Jung: Da muss man immer sehr vorsichtig sein. Bis zu der Wahl ist ja noch einige Zeit hin und mit Sicherheit wird der Stand in der Stimmung heute nicht das Wahlergebnis sein. Das sagt jetzt nicht unbedingt etwas darüber aus, wer denn dann die größeren Chancen hat, aber es ist dort noch viel möglich und selbstverständlich bleibt der SPD ja auch gar nichts anderes übrig, als eine Strategie für eine Wahl zu entwickeln, weil sie wird ja antreten müssen, mit wem auch immer.
Schütte: Kann die SPD noch mit Andrea Ypsilanti antreten?
Jung: Das muss natürlich die SPD zunächst mal selbst entscheiden.
Schütte: Aber es wäre schlau!
Jung: Na ja, es geht auch darum, dass man langfristig eine Perspektive entwickelt, und man kann diese Perspektive unter unterschiedlichen Aspekten entwickeln. Es gibt ja auch manche, die sagen, in der momentanen Situation bleibt gar nichts anderes übrig, als dass Frau Ypsilanti sozusagen jetzt den Schlusspunkt in einer Wahl suchen muss, damit man, wenn man denn verliert, anschließend mit einer neuen Person es aufbauen kann und man jetzt nicht wiederum in einer relativ aussichtslosen Situation einen neuen, vielleicht in der Zukunft aussichtsreichen Kandidaten oder eine Kandidatin zu verbrennen.
Schütte: Das heißt, Ihr Rat an die SPD wäre, sie sollte noch einmal mit Andrea Ypsilanti antreten und dann möglicherweise ein schlechtes Ergebnis einfahren?
Jung: Ich habe da gar keinen Rat zu erteilen und ob das ein schlechtes oder ein gutes Ergebnis wird, werden die Wähler entscheiden und je nachdem, was wir dann auch im Wahlkampf erleben werden. So sicher kann da eigentlich niemand sein. Gerade Hessen hat immer wieder gezeigt, dass auch innerhalb von kurzer Zeit sehr starke Veränderungen stattfinden können. Wir haben ja kein Land, in dem eine Union oder ein Ministerpräsident Koch sozusagen eine ererbte Mehrheit hat. Das haben wir ja gerade bei der letzten Landtagswahl erlebt.

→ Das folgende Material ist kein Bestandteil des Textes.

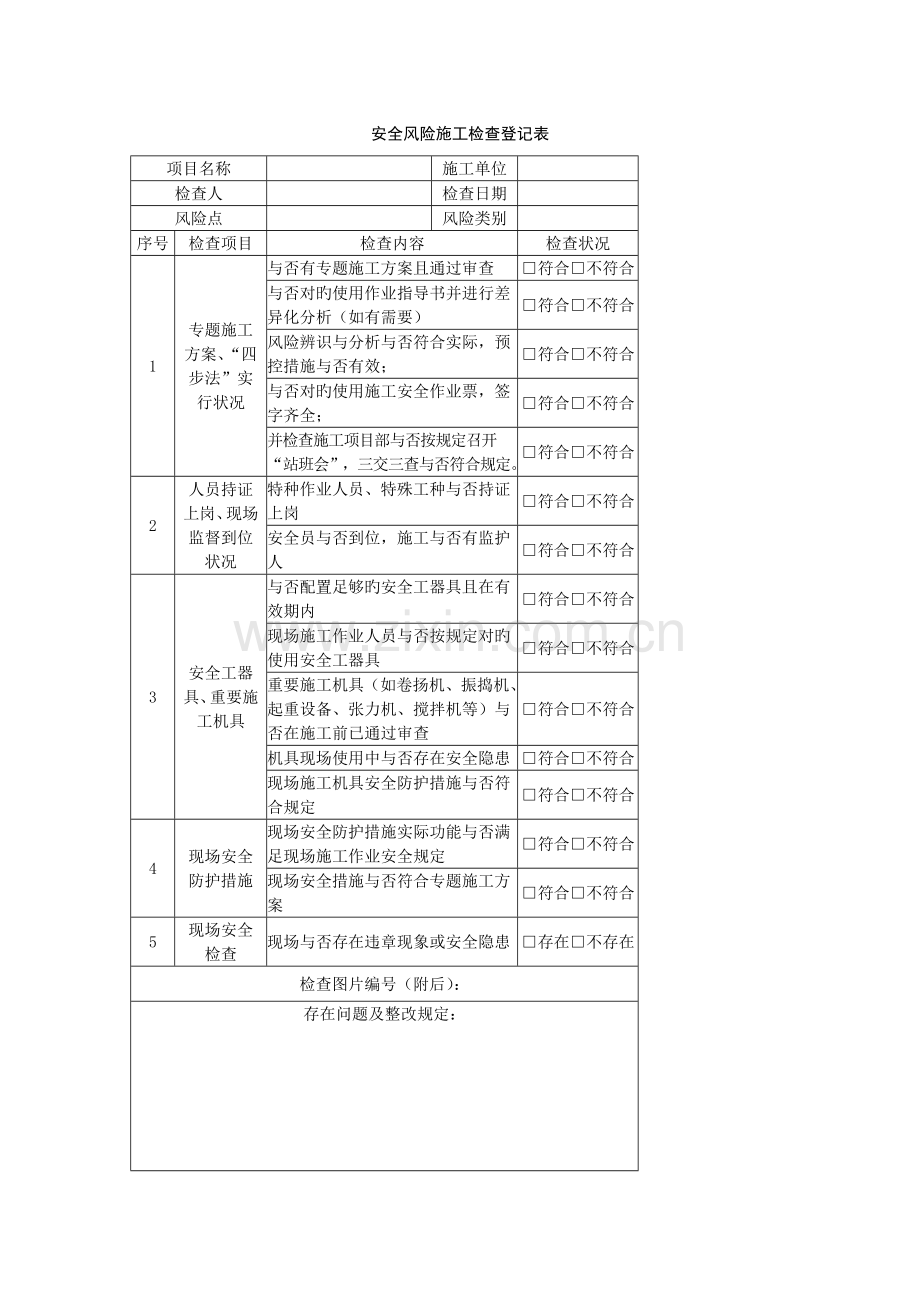 安全风险施工检查记录表.doc_第1页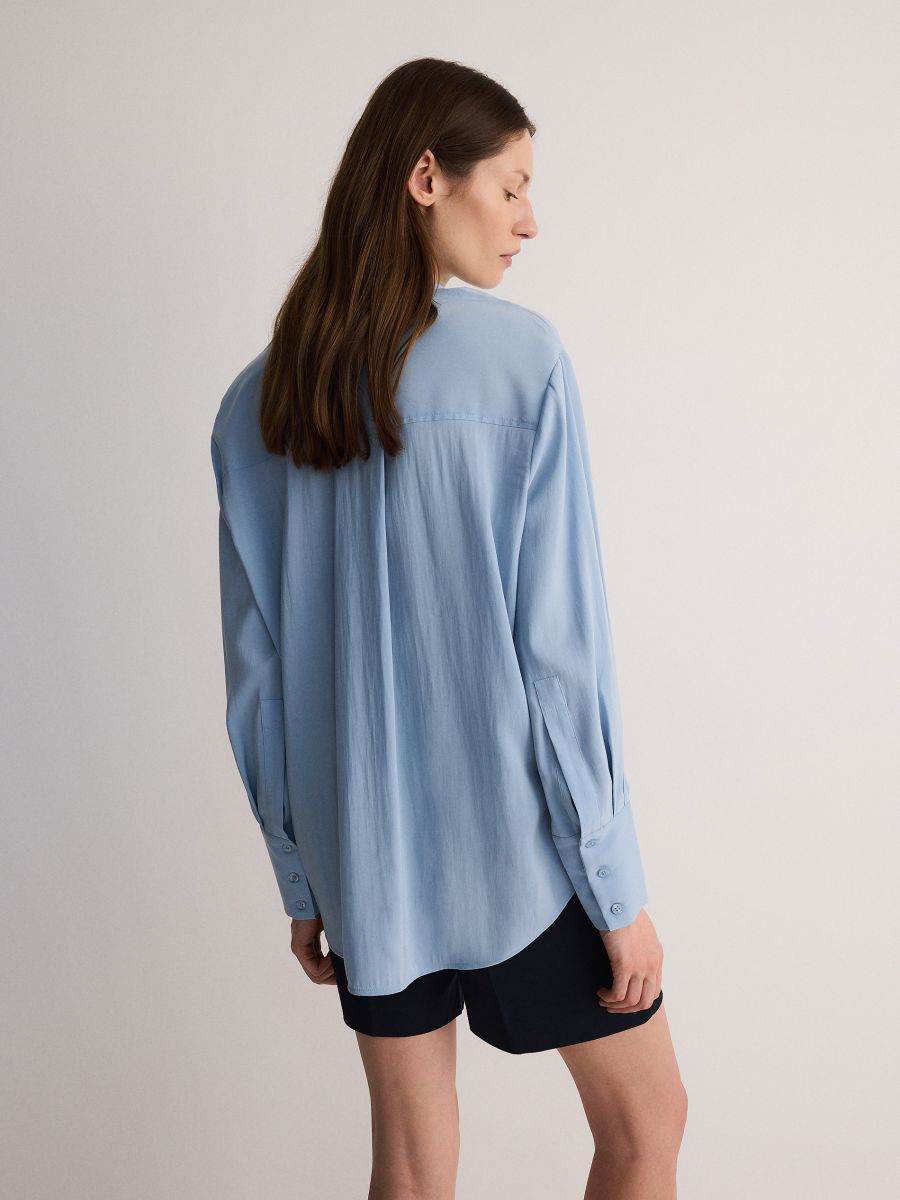 Overhemd met hoog modalgehalte - BLEEKBLAUW - RESERVED - 5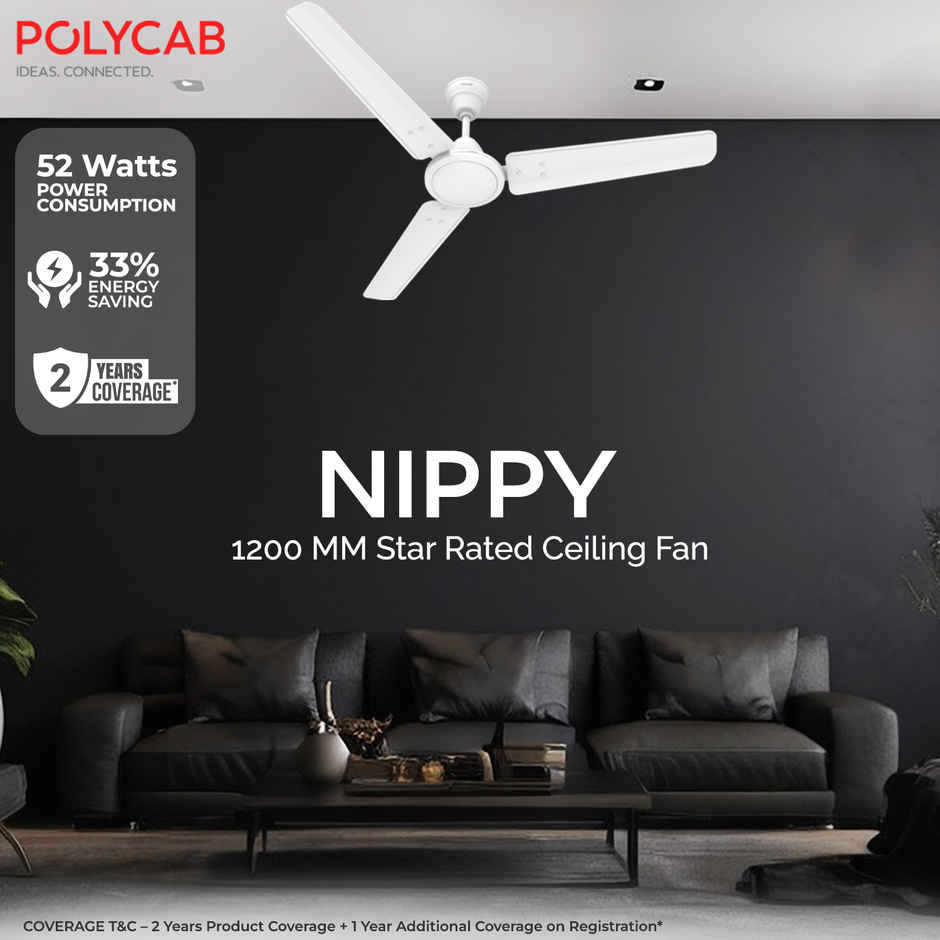 Polycab Nippy Ceiling Fan, 1200mm, Star Rated, 100% Copper, Rust-Proof Blades, Matt White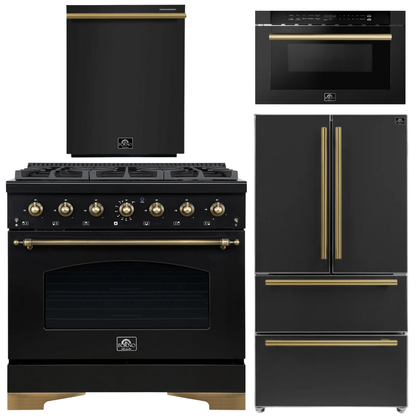 Forno Espresso Antico Package - 36" Dual Fuel Range, 36" Refrigerator with Ice Maker, Dishwasher and 24" Microwave Drawer in Black with Antique Brass Accents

Schütte: Manfred Schaub ist ja auch ein möglicher Kandidat. Das ist der stellvertretende Landesvorsitzende. Wir haben gerade schon - Sie haben es angedeutet - darüber gesprochen, ob man einen neuen Kandidaten so schnell aufbauen kann. Ist das möglich? Wäre das möglich mit Manfred Schaub, den ja auch in Hessen, ich will nicht sagen keiner kennt, aber der keine bekannte Figur ist?
Jung: Das ist wilde Spekulation, zum heutigen Zeitpunkt so etwas zu beurteilen. Wir werden ja auf jeden Fall, wenn es denn jetzt zur Neuwahl am 18. Januar kommt, einen ganz extrem kurzen Wahlkampf haben, weil ja die Ferien bis zum 10. Januar gehen und dann ist da mehr oder minder gerade eine ferienfreie Woche, die als heiße Wahlkampfphase zur Verfügung steht.
Davor ist Weihnachten. Da gibt es eigentlich für keine Partei ernsthafte Chancen, einen neuen unbekannten Kandidaten aufzubauen. Von daher ist das letztlich auch eine ganz unrealistische Option in dieser zeitlichen Konstellation.
Schütte: Mit welcher Botschaft, wenn wir einmal über Inhalte reden, könnten die Sozialdemokraten in Hessen noch Boden gut machen bis Januar?
Jung: Sie können ja eigentlich wie andere Parteien auch jetzt nicht mit einem neuen Programm auftauchen. Wenn das mit den alten Optionen nicht erfolgreich war, was die Wahl der Ministerpräsidentin anging, dann wäre es ja völlig unglaubwürdig, wenn man mit einem anderen Programm, was vielleicht auf andere Koalitionen abzielt, dort antreten würde. Von daher werden die Parteien ja auch gar keine Möglichkeit haben, neue inhaltliche Schwerpunkte zu setzen.
Schütte: Eine neue strategische Aussage der Hessen-SPD gibt es aber, nämlich dass sie bei der kommenden, der anstehenden Wahl keine Koalition ausschließen möchte, auch nicht mit der aus SPD-Sicht ja ungeliebten CDU. Wie glaubwürdig kann die SPD da auftreten?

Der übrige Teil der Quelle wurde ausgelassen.